All types used with raw conversions must implement bytemuck::Pod and bytemuck::Zeroable. These traits guarantee the type is safe to interpret as raw bytes:

  • #[repr(C)] layout (deterministic field order)
  • No padding bytes that could leak uninitialized memory
  • No pointers, references, or bool fields
  • All fields must themselves be Pod
#[derive(Copy, Clone, Pod, Zeroable)]
#[repr(C)]
struct Point {
    x: i32,
    y: i32,
}

The Pod and Zeroable derives are re-exported from miniextendr_api::raw_conversions for convenience.

πŸ”—Headerless Format (Raw / RawSlice)

πŸ”—Raw<T> – Single Value

Stores size_of::<T>() bytes in a raw vector. No metadata.

// Encode
#[miniextendr]
fn pack_point(x: i32, y: i32) -> Raw<Point> {
    Raw(Point { x, y })
}

// Decode
#[miniextendr]
fn unpack_point(raw: Raw<Point>) -> Vec<i32> {
    let p = raw.into_inner();
    vec![p.x, p.y]
}

πŸ”—RawSlice<T> – Sequence

Stores n * size_of::<T>() bytes contiguously. The element count is inferred from the raw vector length.

#[miniextendr]
fn pack_points(xs: Vec<i32>, ys: Vec<i32>) -> RawSlice<Point> {
    let points: Vec<Point> = xs.iter().zip(ys.iter())
        .map(|(&x, &y)| Point { x, y })
        .collect();
    RawSlice(points)
}

#[miniextendr]
fn unpack_xs(raw: RawSlice<Point>) -> Vec<i32> {
    raw.inner().iter().map(|p| p.x).collect()
}

πŸ”—Tagged Format (RawTagged / RawSliceTagged)

Tagged types add a 16-byte header and an R attribute for safer decoding.

πŸ”—Header Layout

Offset  Size  Field
0       4     magic: "MXRB"
4       4     version: 1 (u32)
8       4     elem_size (u32)
12      4     elem_count (u32)

πŸ”—R Attribute

Tagged types set an mx_raw_type attribute on the raw vector containing the Rust type name (e.g., "my_crate::Point").
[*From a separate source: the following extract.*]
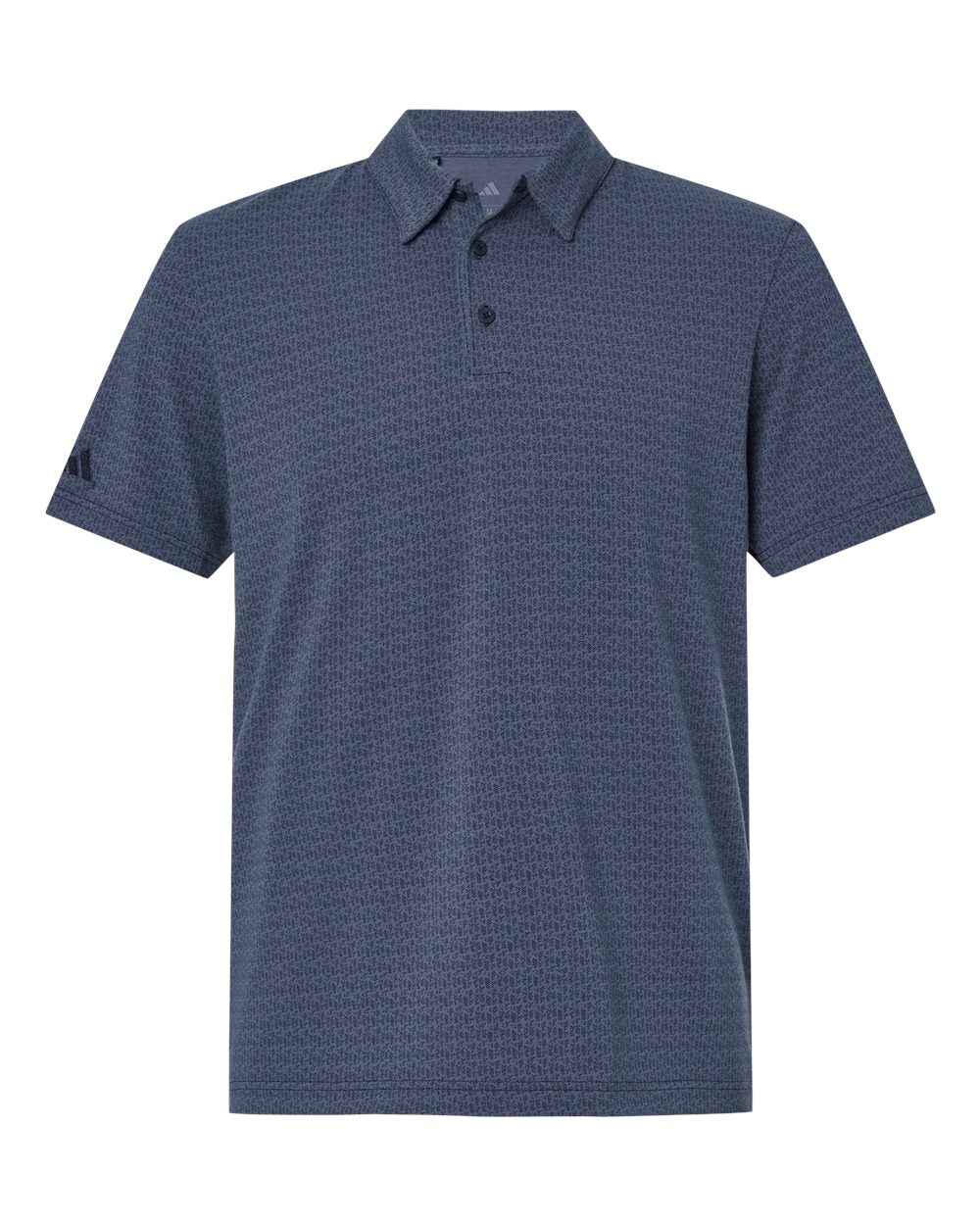 Adidas Men's Blended Printed Polo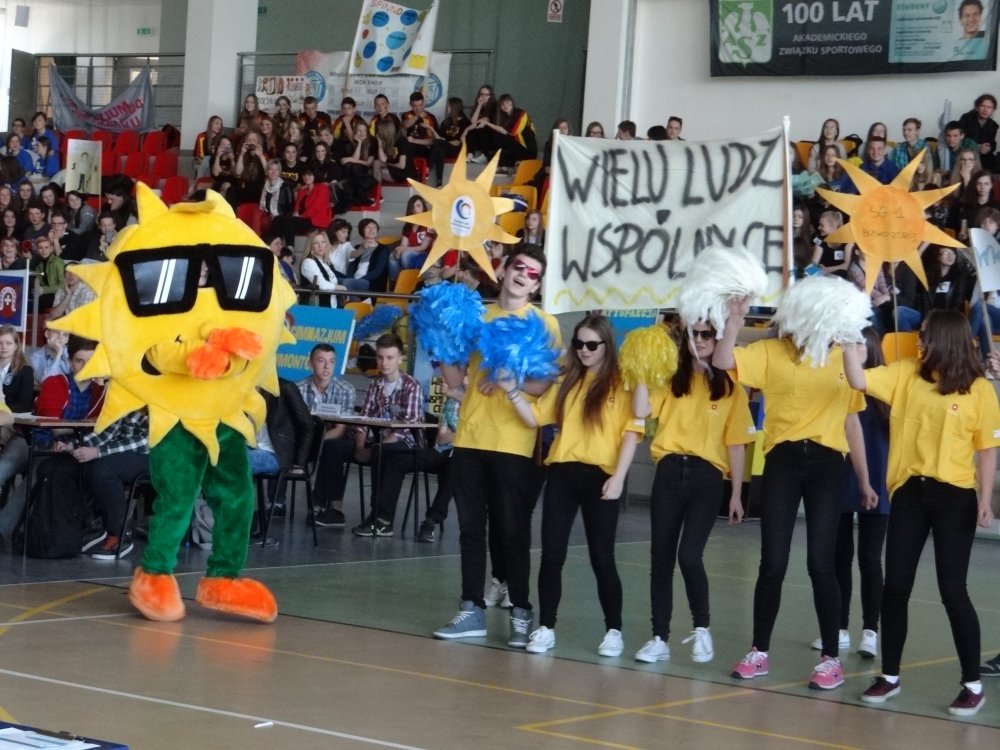 Kreatywność i innowacja z Samorządowego Gimnazjum nr 1 nagrodzona!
On decode, the attribute is checked first – if the type name does not match, decoding fails before reading any bytes.

πŸ”—Usage

#[miniextendr]
fn pack_tagged(x: i32, y: i32) -> RawTagged<Point> {
    RawTagged(Point { x, y })
}

#[miniextendr]
fn unpack_tagged(raw: RawTagged<Point>) -> Vec<i32> {
    let p = raw.into_inner();
    vec![p.x, p.y]
}

Passing the wrong type produces a clear error:

pack_tagged(1L, 2L) |> unpack_other_type()
#> Error: type mismatch: expected other_crate::OtherType, got my_crate::Point

πŸ”—Safety Model

  • Alignment: Always checked. Misaligned data is copied to an aligned buffer (no UB).
  • Length: Always checked. Mismatched byte counts return SexpError::InvalidValue.
  • Type tag (tagged only): Checked via R attribute before reading bytes.
  • Endianness: Not handled. Bytes are stored in native layout. Data is not portable across architectures.
  • No interior pointers: Pod guarantees the type contains no pointers, so the bytes are self-contained.

πŸ”—Error Types

RawError covers all failure modes:

VariantCause
LengthMismatchRaw vector byte count does not match size_of::<T>() (or not a multiple for slices)
AlignmentMismatchInternal – handled by copy fallback, not exposed to users
InvalidHeaderBad magic bytes or unsupported version in tagged format
TypeMismatchmx_raw_type attribute does not match expected Rust type name

πŸ”—Standalone Helper Functions

For working with raw bytes outside the #[miniextendr] function boundary:

use miniextendr_api::raw_conversions::{raw_to_bytes, raw_from_bytes,
                                        raw_slice_to_bytes, raw_slice_from_bytes};

let bytes = raw_to_bytes(&Point { x: 1, y: 2 });
let point: Point = raw_from_bytes(&bytes).unwrap();

let bytes = raw_slice_to_bytes(&[Point { x: 1, y: 2 }, Point { x: 3, y: 4 }]);
let points: Vec<Point> = raw_slice_from_bytes(&bytes).unwrap();

πŸ”—Choosing a Format

CriterionHeaderlessTagged
OverheadNone16 bytes + attribute
Type safetyNone (caller must know the type)Validated on decode
PersistenceFragile across code changesCatches size/type drift
SpeedFastestNegligible overhead

Use headerless for ephemeral data within a single session where the type is always known. Use tagged for data that may be saved to .rds files or passed between sessions/packages.